Flipkart and Tencent became household names several years ago in two of the world’s fastest growing economies, India and China. But more recently, their staggering growth rates and innovation in the mobile sphere have forced the rest of the world to sit up and pay attention. Some say that their strength in the market is a direct offshoot of their robust parentage – which, similarly, has only become widespread knowledge since the two firms’ growth began gaining a global audience. The South Africa-based media and tech juggernaut, Naspers, is a major shareholder in Flipkart – India’s Amazon – and Tencent, which owns China’s gamified Whatsapp-Facebook hybrid, WeChat. Naspers, which is one of the largest companies listed on the Johannesburg Stock Exchange, recently began garnering plenty of attention of its own when the value of its stocks reached a record high earlier this month, taking its market capitalisation to R709.7 billion ($60.4 billion).
Naspers set out on what, in hindsight, looks a bit like an emerging market acquisition spree in 2001, starting with Tencent, now the world’s fifth largest internet company, and Naspers’ biggest success story to date. But South Africa’s longstanding media company didn’t hit the ground running in China.
The company began sussing out the future economic power in the early eighties, when a team of intrepid Naspers employees were first sent to China. They dabbled in a few ventures, among them a search portal and Internet Service Provider called Maibowang, on which they partnered with AOL.
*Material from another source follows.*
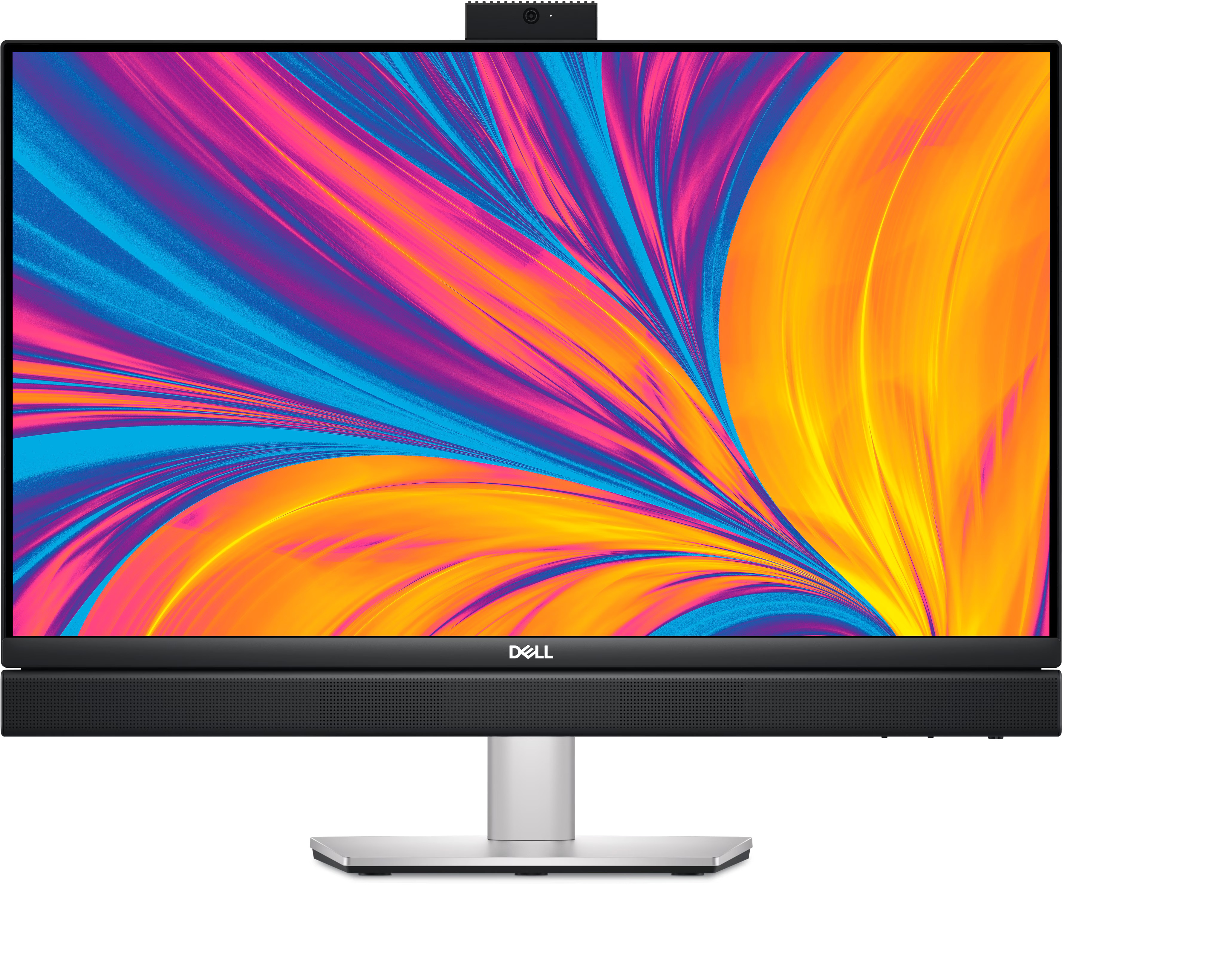 Pilt Dell OptiPlex | 7420 | Desktop | AIO | 23.8 " | Intel Core i5 | i5-14500T | Internal memory 16 GB | DDR5 | Solid-state drive capacity 512 GB | Intel Integrated Graphics | Keyboard language No keyboard | Windows 11 Pro | Warranty 36 month(s)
“We created the second biggest ISP in Beijing in 1998 and we lost the battle there,” said the company’s visionary founder Koos Bekker who, after a year’s sabbatical, re-joined the board as non-executive chair earlier this month. “We eventually lost US$80-million and had to fire people and close it down because of mistakes we made. That was an expensive failure. We’ve failed quite a lot but if you’re going to fail, get into the market quickly, fail quickly and learn from it.” They’ve learned a thing or two since then, and while “failing quickly” is their philosophy of sorts, there’s been far more success than failure in recent years.
Flipkart, India’s largest e-commerce company – which Naspers acquired a 10% stake in back in August 2012 – has gone from strength to strength, with the firm’s mobile traffic increasing tenfold in fewer than 18 months. Flipkart has decided to ride that wave of optimism, and plans to shut down its website within a year and transition completely to a mobile app, the firm recently announced.
India’s smartphone users are rapidly growing in number, making it the third largest Internet market after China and the US. The Boston Consulting Group has projected that the South Asian nation will have more than 550 million Internet users by 2018, close to 80% of which will access the Internet via mobile devices. Naspers invested a further R2.67 billion (approximately $242.3 million) in August 2014, in a round which totalled $1 billion of investment, taking its stake to 16.6%.
More recently, Tencent had the world waiting with baited breath as it released its first quarter financial results last month, which put its value at more than R2 trillion ($165 billion). That takes Naspers’ 34% stake to R680 billion ($56 billion) – or a staggering 95 percent of its market capitalization.
While Tencent has e-commerce giant Alibaba to compete with (albeit indirectly, for the most part), Flipkart’s direct competitor, Snapdeal, is taking a more aggressive approach to dominating India’s $3 billion e-commerce industry. India’s popular online shopping store is aiming to make up to ten more investments this fiscal year. No doubt Naspers will be watching the two countries’ respective battles for dominance in the mobile arena, ready to make its next move.